• [Work instructions]: Nothing outside the range is wanted. Repeat exactly the lines below from the one with "Sonbaharda ginkgo bakireleri" through the one with "Κομισιόν για αγροτικές".

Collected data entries

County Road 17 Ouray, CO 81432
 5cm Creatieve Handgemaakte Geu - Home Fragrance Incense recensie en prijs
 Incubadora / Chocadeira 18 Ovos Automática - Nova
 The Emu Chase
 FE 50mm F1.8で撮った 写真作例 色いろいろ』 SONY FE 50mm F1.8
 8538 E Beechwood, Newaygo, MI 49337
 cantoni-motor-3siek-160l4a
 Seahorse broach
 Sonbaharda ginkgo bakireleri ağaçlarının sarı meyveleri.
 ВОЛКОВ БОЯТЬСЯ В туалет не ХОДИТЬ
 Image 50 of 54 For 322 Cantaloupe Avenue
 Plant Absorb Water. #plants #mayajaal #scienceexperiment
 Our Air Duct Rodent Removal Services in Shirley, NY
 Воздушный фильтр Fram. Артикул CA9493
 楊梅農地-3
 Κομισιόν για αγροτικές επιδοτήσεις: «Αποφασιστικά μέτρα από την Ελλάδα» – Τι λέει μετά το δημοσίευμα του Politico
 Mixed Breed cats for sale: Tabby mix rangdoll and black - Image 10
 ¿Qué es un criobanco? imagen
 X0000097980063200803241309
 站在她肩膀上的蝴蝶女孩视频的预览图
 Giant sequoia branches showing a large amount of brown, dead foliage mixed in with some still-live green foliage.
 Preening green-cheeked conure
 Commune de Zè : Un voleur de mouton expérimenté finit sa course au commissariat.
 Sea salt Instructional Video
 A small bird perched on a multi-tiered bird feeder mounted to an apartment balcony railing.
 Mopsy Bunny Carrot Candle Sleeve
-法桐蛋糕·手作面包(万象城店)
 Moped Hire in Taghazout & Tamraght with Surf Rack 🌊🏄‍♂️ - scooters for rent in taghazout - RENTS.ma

• [Result for this exercise]:
 Sonbaharda ginkgo bakireleri ağaçlarının sarı meyveleri.
 ВОЛКОВ БОЯТЬСЯ В туалет не ХОДИТЬ
 Image 50 of 54 For 322 Cantaloupe Avenue
 Plant Absorb Water. #plants #mayajaal #scienceexperiment
 Our Air Duct Rodent Removal Services in Shirley, NY
 Воздушный фильтр Fram. Артикул CA9493
 楊梅農地-3
 Κομισιόν για αγροτικές επιδοτήσεις: «Αποφασιστικά μέτρα από την Ελλάδα» – Τι λέει μετά το δημοσίευμα του Politico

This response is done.